Repeatability of peak nasal inspiratory flow measurements and utility for assessing the severity of rhinitis
Article first published online: 6 MAY 2005
Volume 60, Issue 6, pages 795–800, June 2005
How to Cite
Starling-Schwanz, R., Peake, H. L., Salome, C. M., Toelle, B. G., Ng, K. W., Marks, G. B., Lean, M. L. and Rimmer, S. J. (2005), Repeatability of peak nasal inspiratory flow measurements and utility for assessing the severity of rhinitis. Allergy, 60: 795–800. doi: 10.1111/j.1398-9995.2005.00779.x
- Issue published online: 6 MAY 2005
- Article first published online: 6 MAY 2005
- Accepted for publication 6 October 2004
- nasal obstruction;
- peak nasal inspiratory flow;
Background: The measurement of peak nasal inspiratory flow (PNIF) provides a simple, cheap, fast and readily available tool for determining the extent of nasal airway patency.
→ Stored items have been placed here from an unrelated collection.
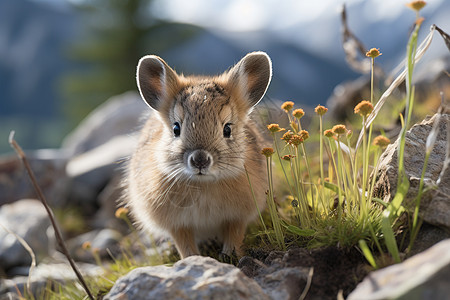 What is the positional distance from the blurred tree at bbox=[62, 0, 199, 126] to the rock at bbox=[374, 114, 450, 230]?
2212 centimetres

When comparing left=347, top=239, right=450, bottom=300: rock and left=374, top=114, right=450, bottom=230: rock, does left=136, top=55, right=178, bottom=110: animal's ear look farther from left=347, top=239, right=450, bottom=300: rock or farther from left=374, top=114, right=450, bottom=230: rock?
left=347, top=239, right=450, bottom=300: rock

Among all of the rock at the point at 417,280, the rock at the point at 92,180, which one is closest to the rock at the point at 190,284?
the rock at the point at 417,280

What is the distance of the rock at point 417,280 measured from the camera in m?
1.95

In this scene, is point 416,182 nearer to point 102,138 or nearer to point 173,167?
point 173,167

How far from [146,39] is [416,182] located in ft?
78.8

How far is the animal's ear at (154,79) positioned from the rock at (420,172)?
1.97 metres

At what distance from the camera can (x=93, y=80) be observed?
80.8 ft

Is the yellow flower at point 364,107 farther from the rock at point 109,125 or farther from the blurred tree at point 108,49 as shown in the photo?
the blurred tree at point 108,49

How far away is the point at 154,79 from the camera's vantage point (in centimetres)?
400

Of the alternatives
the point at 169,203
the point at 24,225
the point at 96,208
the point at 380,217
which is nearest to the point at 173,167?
the point at 169,203

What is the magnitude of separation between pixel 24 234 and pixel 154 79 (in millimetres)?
3383

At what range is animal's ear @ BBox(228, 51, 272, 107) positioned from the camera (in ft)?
12.6

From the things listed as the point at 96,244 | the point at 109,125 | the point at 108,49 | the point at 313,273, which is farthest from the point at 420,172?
the point at 108,49

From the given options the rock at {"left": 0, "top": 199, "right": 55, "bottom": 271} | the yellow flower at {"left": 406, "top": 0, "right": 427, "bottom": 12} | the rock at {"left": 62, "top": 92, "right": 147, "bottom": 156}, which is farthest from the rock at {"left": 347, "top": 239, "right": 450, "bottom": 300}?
the rock at {"left": 62, "top": 92, "right": 147, "bottom": 156} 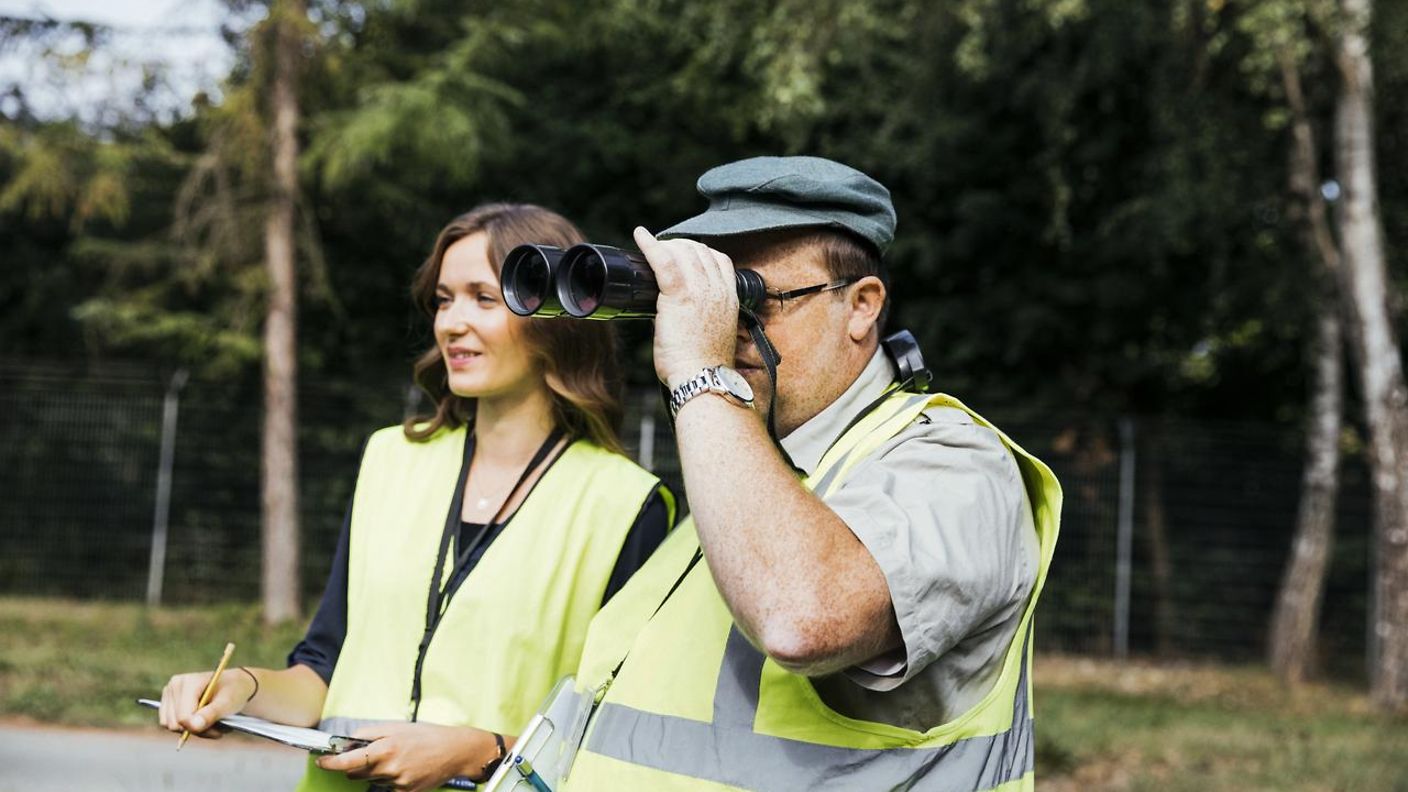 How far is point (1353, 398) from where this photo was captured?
14.1 m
However, there are questions regarding its repeatability when used to assess the degree of nasal obstruction in large populations. Therefore, this study aimed to evaluate the repeatability of PNIF measurements and to assess their association with the signs and symptoms of rhinitis.
Methods: The PNIF, rhinitis symptoms, judged by Meltzer questionnaire and rhinitis signs, as determined by anterior rhinoscopy, were assessed in 283 adults representative of the general population. One training and two test PNIF measurements were recorded during the same session.
Results: The PNIF was highly reproducible (ICC = 0.92; 95% limits of agreement: ±36 l/min). The PNIF was strongly correlated with rhinitis signs, measured by anterior rhinoscopy (rs = −0.38, P < 0.0001) but was not correlated with rhinitis symptoms, measured by questionnaire (rs = −0.11, P = 0.057). Differences in PNIF for subjects categorized as asymptomatic, mild or moderate/severe on the basis of rhinitis signs, were highly significant (P < 0.0001), but less significant on the basis of rhinitis symptoms (P = 0.04). A PNIF cut-off of 115 l/min had moderately high specificity (72%) and sensitivity (65%) and a high negative predictive value (90%) for moderate/severe signs of rhinitis.
Conclusion: In a large general population-based sample of young adults, PNIF was highly reproducible and closely related to the signs of rhinitis, as determined by clinical examination. The PNIF provides information that is qualitatively different to that provided by symptom scores and may be useful to measure the extent of nasal obstruction.